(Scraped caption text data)
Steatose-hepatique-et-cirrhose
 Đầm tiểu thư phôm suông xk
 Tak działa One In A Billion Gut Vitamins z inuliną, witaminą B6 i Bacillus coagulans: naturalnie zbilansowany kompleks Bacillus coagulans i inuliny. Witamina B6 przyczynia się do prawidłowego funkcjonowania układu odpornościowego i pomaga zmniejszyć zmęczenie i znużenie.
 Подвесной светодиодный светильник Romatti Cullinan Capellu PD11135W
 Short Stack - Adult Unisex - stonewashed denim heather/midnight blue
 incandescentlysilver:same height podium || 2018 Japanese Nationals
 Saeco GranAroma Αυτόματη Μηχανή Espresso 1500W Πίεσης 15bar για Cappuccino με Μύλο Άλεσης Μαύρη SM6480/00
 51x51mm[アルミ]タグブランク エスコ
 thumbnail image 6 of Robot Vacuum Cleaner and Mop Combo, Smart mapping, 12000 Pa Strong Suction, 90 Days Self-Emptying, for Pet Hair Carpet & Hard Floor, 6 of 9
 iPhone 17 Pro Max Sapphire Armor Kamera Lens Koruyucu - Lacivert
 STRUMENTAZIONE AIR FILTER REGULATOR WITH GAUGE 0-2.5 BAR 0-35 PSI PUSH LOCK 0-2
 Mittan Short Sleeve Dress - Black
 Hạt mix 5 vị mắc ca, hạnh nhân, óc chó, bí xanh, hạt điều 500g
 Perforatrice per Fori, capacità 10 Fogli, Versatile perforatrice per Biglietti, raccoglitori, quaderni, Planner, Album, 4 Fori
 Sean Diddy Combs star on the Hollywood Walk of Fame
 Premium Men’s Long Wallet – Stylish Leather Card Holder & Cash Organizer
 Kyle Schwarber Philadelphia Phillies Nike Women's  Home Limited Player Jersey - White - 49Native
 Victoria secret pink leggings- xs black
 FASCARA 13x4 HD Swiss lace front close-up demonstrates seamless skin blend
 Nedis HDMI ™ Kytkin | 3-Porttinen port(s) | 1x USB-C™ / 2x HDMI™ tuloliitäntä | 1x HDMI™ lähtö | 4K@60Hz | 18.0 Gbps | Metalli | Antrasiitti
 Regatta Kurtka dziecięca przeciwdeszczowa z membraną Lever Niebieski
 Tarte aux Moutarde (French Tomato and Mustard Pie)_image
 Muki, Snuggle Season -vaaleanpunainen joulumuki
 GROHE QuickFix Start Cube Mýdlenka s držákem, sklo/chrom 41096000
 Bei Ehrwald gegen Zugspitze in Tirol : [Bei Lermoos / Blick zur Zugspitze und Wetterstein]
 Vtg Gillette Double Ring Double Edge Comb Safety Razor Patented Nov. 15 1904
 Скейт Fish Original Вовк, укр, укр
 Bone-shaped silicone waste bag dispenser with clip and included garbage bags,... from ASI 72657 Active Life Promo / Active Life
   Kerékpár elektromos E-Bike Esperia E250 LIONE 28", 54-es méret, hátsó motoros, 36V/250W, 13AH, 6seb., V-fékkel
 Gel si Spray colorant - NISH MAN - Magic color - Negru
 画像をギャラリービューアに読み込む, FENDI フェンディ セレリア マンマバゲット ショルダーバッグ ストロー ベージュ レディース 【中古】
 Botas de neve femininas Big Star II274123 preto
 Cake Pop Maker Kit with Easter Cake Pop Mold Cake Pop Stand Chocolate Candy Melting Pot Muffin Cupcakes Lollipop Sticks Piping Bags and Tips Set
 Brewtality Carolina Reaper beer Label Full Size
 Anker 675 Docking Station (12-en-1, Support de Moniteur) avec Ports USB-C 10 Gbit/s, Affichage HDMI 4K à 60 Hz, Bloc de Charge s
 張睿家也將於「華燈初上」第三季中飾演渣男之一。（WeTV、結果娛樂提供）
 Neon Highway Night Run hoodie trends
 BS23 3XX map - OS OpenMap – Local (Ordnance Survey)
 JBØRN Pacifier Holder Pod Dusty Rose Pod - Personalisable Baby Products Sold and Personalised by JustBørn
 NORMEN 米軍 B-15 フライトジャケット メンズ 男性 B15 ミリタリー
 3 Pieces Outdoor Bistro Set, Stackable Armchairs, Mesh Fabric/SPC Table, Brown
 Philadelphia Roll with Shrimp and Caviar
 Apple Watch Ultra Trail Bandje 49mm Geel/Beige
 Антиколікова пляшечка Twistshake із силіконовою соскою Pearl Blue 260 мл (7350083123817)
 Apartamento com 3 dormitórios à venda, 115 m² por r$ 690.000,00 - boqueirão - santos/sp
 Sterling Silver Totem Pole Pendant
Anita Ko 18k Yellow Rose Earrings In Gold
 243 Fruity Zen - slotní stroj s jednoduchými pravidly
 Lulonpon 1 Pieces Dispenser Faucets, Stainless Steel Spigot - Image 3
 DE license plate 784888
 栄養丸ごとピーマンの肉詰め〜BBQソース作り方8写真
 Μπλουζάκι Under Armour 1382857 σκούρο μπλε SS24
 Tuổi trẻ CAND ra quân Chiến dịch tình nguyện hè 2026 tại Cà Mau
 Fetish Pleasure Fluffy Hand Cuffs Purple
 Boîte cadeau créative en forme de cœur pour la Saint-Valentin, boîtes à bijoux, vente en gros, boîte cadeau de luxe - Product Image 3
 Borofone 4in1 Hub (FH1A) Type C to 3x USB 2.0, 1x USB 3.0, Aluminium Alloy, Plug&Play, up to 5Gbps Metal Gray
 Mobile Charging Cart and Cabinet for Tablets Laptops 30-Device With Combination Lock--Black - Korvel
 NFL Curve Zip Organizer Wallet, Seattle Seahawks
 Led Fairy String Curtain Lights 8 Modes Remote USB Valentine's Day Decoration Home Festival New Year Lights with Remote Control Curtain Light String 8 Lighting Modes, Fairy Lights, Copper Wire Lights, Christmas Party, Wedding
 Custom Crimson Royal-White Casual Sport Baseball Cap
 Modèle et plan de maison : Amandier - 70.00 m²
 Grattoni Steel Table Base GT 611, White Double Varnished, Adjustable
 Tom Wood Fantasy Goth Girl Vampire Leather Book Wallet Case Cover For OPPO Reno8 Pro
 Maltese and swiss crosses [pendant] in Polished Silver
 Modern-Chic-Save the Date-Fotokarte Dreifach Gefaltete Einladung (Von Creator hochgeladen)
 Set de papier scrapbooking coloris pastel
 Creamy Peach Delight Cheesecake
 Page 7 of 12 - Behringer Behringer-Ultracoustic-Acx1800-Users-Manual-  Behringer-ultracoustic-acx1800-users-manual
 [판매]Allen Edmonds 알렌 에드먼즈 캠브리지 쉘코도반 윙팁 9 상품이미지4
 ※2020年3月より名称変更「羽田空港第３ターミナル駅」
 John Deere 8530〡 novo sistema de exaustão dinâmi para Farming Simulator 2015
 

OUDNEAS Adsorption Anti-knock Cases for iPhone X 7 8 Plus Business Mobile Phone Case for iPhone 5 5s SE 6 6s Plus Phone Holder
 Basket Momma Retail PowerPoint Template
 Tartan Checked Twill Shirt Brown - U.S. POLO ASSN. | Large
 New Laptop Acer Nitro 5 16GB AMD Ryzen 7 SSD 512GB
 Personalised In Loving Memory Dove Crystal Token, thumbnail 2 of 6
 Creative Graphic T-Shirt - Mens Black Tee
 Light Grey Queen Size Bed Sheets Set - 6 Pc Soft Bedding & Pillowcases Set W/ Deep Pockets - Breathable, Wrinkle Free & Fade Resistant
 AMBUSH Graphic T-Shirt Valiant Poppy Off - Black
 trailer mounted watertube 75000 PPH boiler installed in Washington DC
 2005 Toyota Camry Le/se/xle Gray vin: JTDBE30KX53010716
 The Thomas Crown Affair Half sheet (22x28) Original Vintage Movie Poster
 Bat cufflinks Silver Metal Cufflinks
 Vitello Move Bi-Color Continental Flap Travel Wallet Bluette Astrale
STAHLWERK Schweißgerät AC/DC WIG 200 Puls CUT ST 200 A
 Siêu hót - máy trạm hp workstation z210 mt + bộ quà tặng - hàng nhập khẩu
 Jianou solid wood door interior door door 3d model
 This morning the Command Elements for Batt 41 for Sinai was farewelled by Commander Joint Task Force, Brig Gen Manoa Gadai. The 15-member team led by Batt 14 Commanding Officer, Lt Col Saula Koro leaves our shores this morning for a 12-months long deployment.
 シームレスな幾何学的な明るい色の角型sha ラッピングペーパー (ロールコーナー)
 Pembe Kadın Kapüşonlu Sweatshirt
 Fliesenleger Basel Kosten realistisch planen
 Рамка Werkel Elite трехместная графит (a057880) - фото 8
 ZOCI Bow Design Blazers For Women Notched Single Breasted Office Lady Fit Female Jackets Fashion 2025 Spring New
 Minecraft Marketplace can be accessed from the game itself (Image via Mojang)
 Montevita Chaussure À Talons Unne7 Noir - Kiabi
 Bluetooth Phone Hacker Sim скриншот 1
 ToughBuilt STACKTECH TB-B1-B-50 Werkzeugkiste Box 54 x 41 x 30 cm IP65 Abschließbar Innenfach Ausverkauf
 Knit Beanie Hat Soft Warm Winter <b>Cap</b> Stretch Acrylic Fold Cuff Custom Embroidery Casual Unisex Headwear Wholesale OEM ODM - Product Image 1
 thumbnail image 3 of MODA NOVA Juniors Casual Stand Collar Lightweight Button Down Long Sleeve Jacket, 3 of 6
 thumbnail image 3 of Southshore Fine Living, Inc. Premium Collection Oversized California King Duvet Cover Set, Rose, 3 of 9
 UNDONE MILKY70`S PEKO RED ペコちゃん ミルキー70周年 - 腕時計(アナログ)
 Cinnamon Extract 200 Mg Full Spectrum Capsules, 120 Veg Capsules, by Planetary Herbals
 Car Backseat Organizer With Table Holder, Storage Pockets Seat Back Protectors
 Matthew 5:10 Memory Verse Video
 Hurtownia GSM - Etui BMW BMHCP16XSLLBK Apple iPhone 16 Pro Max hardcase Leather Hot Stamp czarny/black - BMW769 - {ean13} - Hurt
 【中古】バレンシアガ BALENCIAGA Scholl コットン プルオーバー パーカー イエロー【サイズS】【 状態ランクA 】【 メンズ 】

_What the task requires_
All lines above from the one holding "thumbnail image 6" to the one holding "Hạt mix 5 vị", inclusive, are to be copied exactly; no other line is wanted.

_Written answer_
 thumbnail image 6 of Robot Vacuum Cleaner and Mop Combo, Smart mapping, 12000 Pa Strong Suction, 90 Days Self-Emptying, for Pet Hair Carpet & Hard Floor, 6 of 9
 iPhone 17 Pro Max Sapphire Armor Kamera Lens Koruyucu - Lacivert
 STRUMENTAZIONE AIR FILTER REGULATOR WITH GAUGE 0-2.5 BAR 0-35 PSI PUSH LOCK 0-2
 Mittan Short Sleeve Dress - Black
 Hạt mix 5 vị mắc ca, hạnh nhân, óc chó, bí xanh, hạt điều 500g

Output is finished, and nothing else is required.